- [Your objective]:
Beginning at the line that contains "Lian-Li LANCOOL 217", reproduce the entries below exactly, ending with the line that contains "Bathroom Hardware Set". Omit each picture.

### The data ###

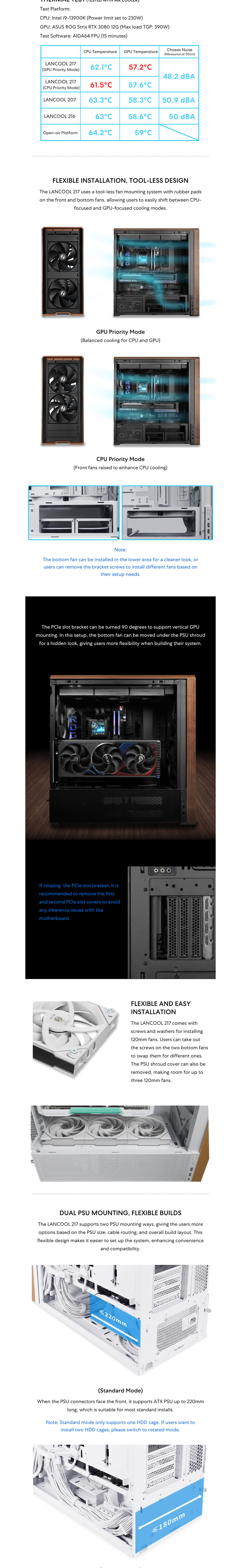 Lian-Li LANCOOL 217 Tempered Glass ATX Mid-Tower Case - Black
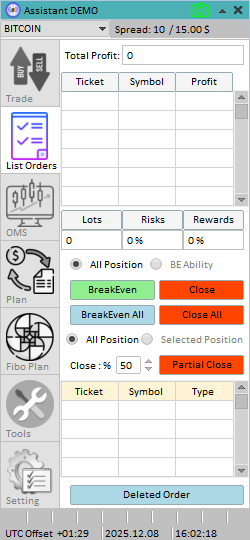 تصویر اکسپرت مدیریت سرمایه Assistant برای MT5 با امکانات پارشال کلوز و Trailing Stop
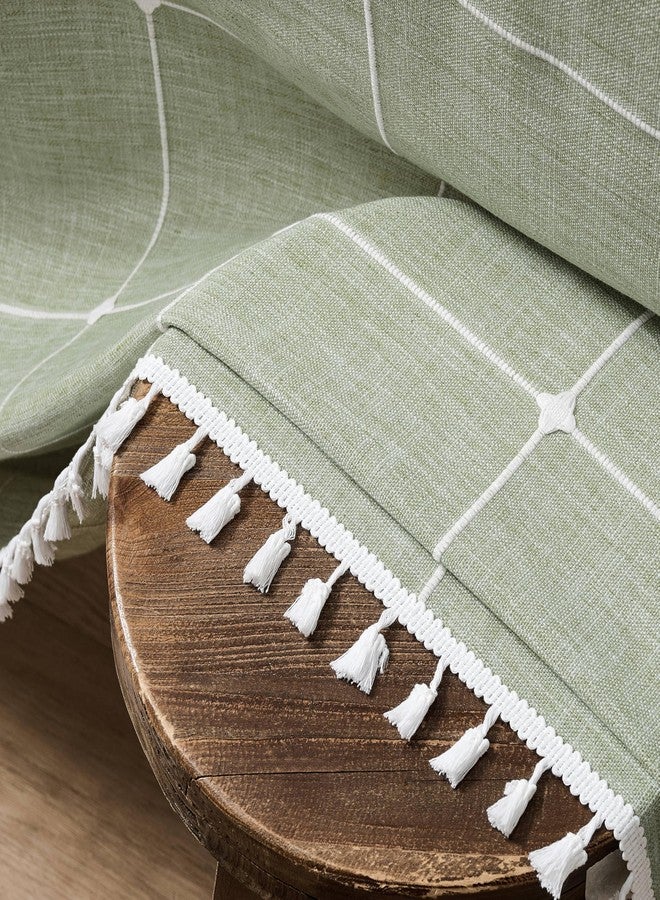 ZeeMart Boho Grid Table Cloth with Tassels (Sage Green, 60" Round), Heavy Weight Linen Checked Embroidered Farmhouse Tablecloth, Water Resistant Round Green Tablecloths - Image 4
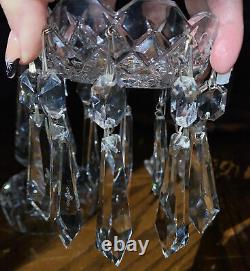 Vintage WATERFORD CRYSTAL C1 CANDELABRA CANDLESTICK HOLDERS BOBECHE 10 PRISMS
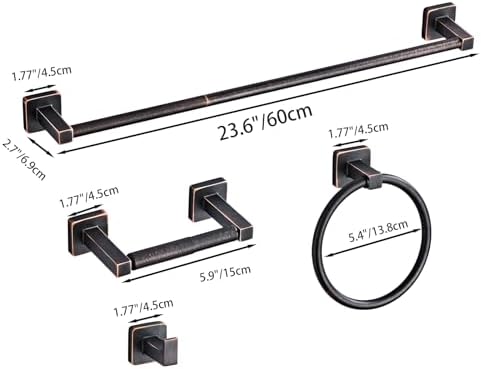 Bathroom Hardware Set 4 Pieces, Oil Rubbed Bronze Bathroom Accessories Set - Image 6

###
### The data ###

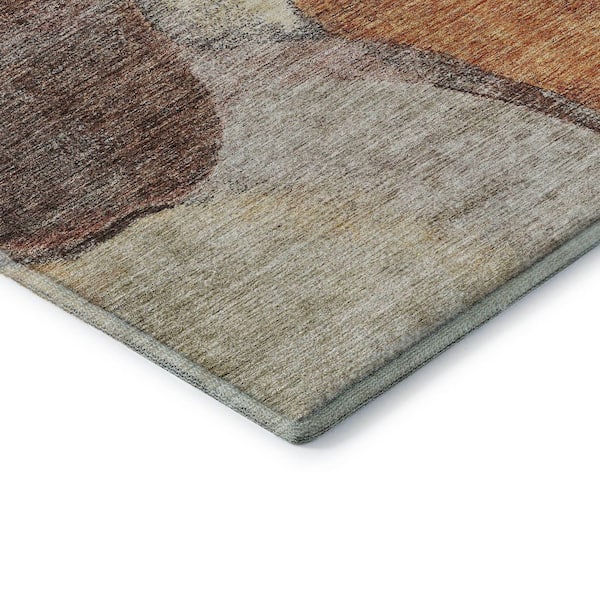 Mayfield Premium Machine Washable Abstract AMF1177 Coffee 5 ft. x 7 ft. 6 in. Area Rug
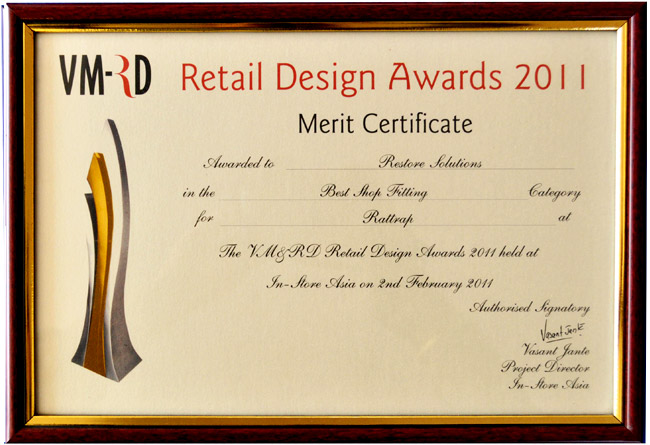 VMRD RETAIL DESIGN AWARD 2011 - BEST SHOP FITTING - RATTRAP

###

- [Written answer]:
 Lian-Li LANCOOL 217 Tempered Glass ATX Mid-Tower Case - Black
 تصویر اکسپرت مدیریت سرمایه Assistant برای MT5 با امکانات پارشال کلوز و Trailing Stop
 ZeeMart Boho Grid Table Cloth with Tassels (Sage Green, 60" Round), Heavy Weight Linen Checked Embroidered Farmhouse Tablecloth, Water Resistant Round Green Tablecloths - Image 4
 Vintage WATERFORD CRYSTAL C1 CANDELABRA CANDLESTICK HOLDERS BOBECHE 10 PRISMS
 Bathroom Hardware Set 4 Pieces, Oil Rubbed Bronze Bathroom Accessories Set - Image 6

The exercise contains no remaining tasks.